Young sees that in business in Washington where a significant portion of the workforces of companies we consider to be local – Starbucks, Amazon, Microsoft, Boeing – are abroad and many of their products are researched and developed abroad.
“That’s really the world we launch our kids into,” he says.
A group of Seattle business and civic leaders would like to see more in-state kids launched into the world through the UW.
Bill Gates Sr., a former UW regent, presented a 50 page report recently that makes a case for the state putting more money into higher education, and in return the university will accept more Washington students.
This year’s freshman class is the largest in UW history with 6,200 students. About two-thirds of those students are in-state and one-third out-of-state, Young says.

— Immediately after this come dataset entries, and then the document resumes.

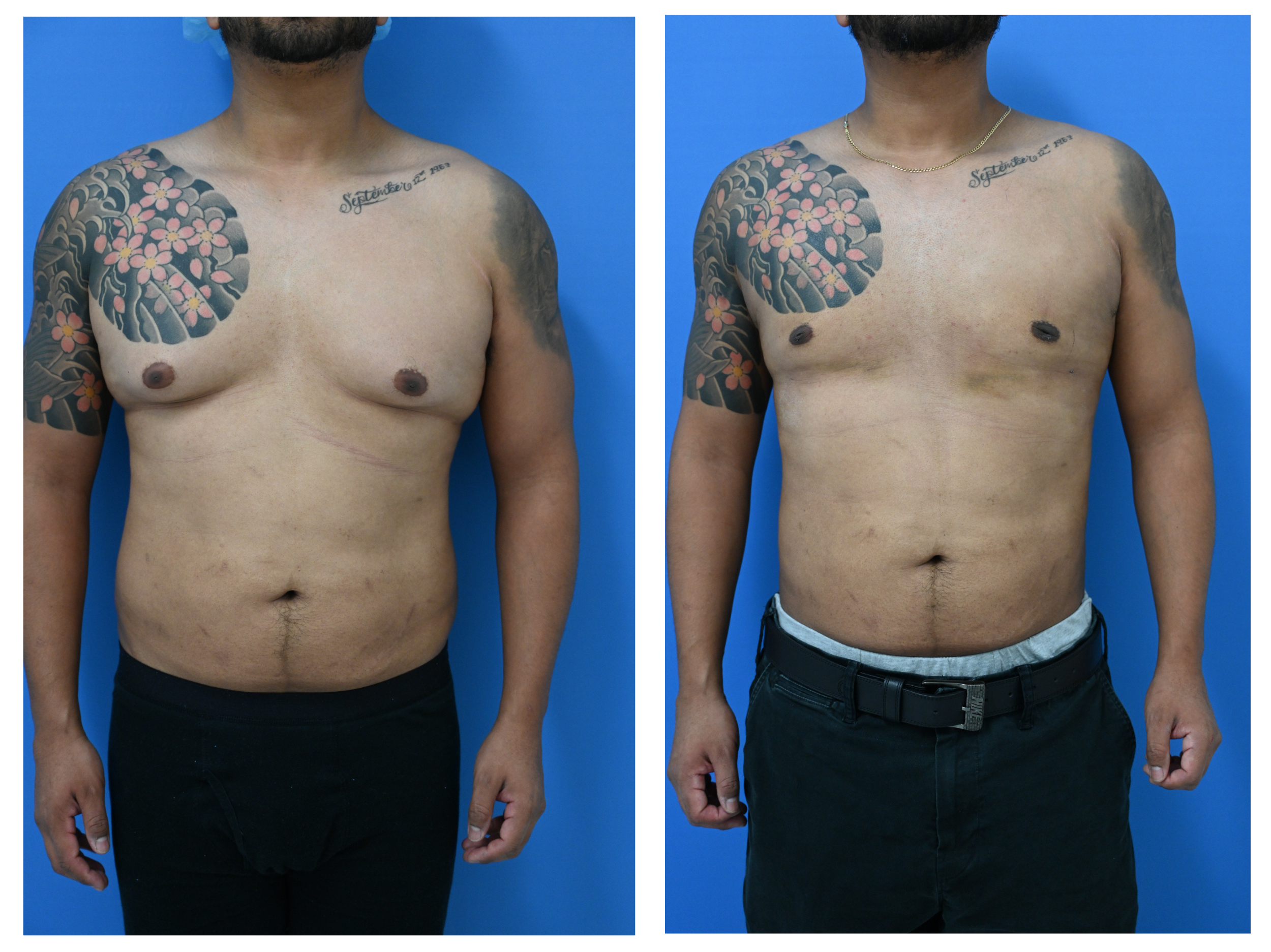 Before and After Image: Gynecomastia Repair with Liposuction Body Contouring – Age 34 - front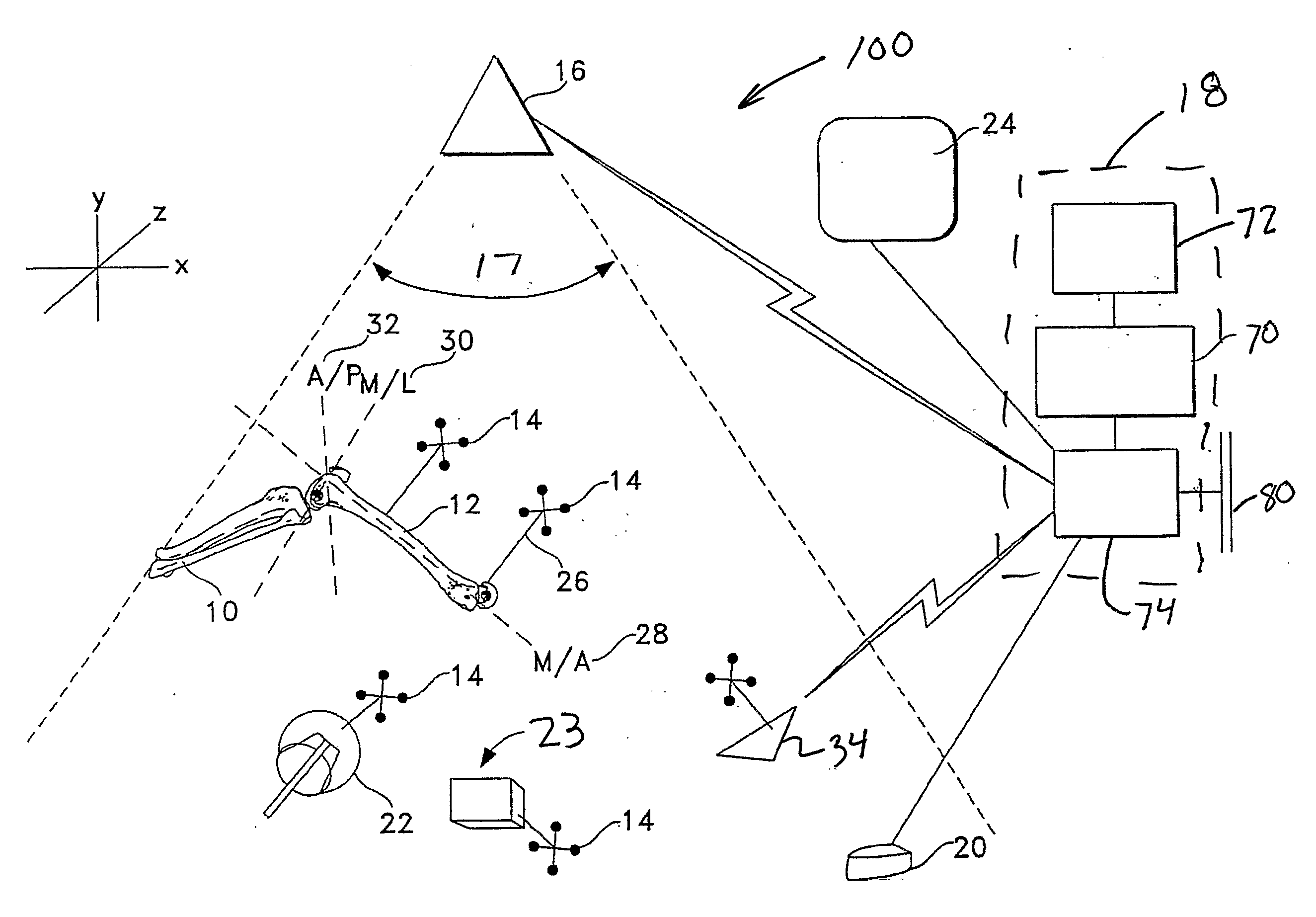 System and Method For Determining Tibial Rotation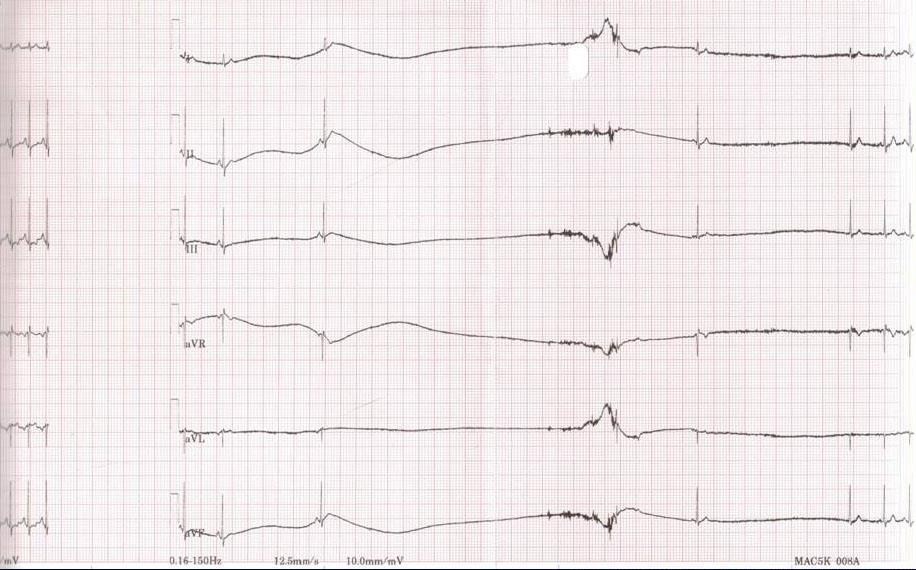 Malattia del nodo del seno rara nel neonato quasi sempre secondaria a cardiochirurgia Caratterizzata da bradicardia sinusale arresto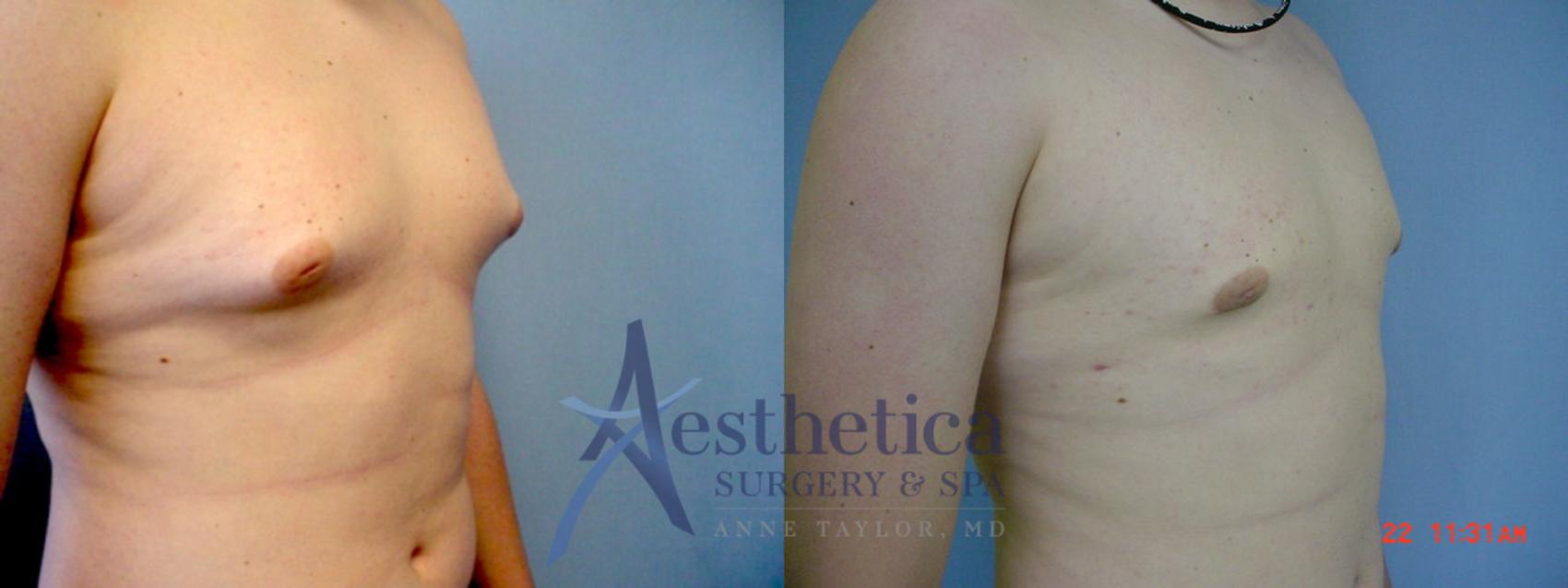Gynecomastia Case 53 Before & After View #1 | Worthington, OH | Aesthetica Surgery & Spa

“We gradually wanted to see if we could add some more in-state kids. The demand is so high. Our applicant pool increased by well over 15 percent this year,” says Young. “We can’t simply open our doors to everybody, but we thought if we can move it up a little bit and still maintain that quality we’d like to do that.”
UW branch campuses in Tacoma and Bothell might be able to accommodate more students, but Young says the main Seattle campus is maxed out and will have an even larger class of freshmen next year.
While the increased revenue from out-of-state students helps the UW keep tuition low, he says the principal reason the university wants students from other parts of the country and world has nothing to do with money.
“From our perspective, it’s educationally valuable to have kids who come from different backgrounds. It immeasurably enhances everybody’s education,” he says. “If a kid from Spokane is sitting next to a kid from Shanghai, both of them are going to have a better educational experience.”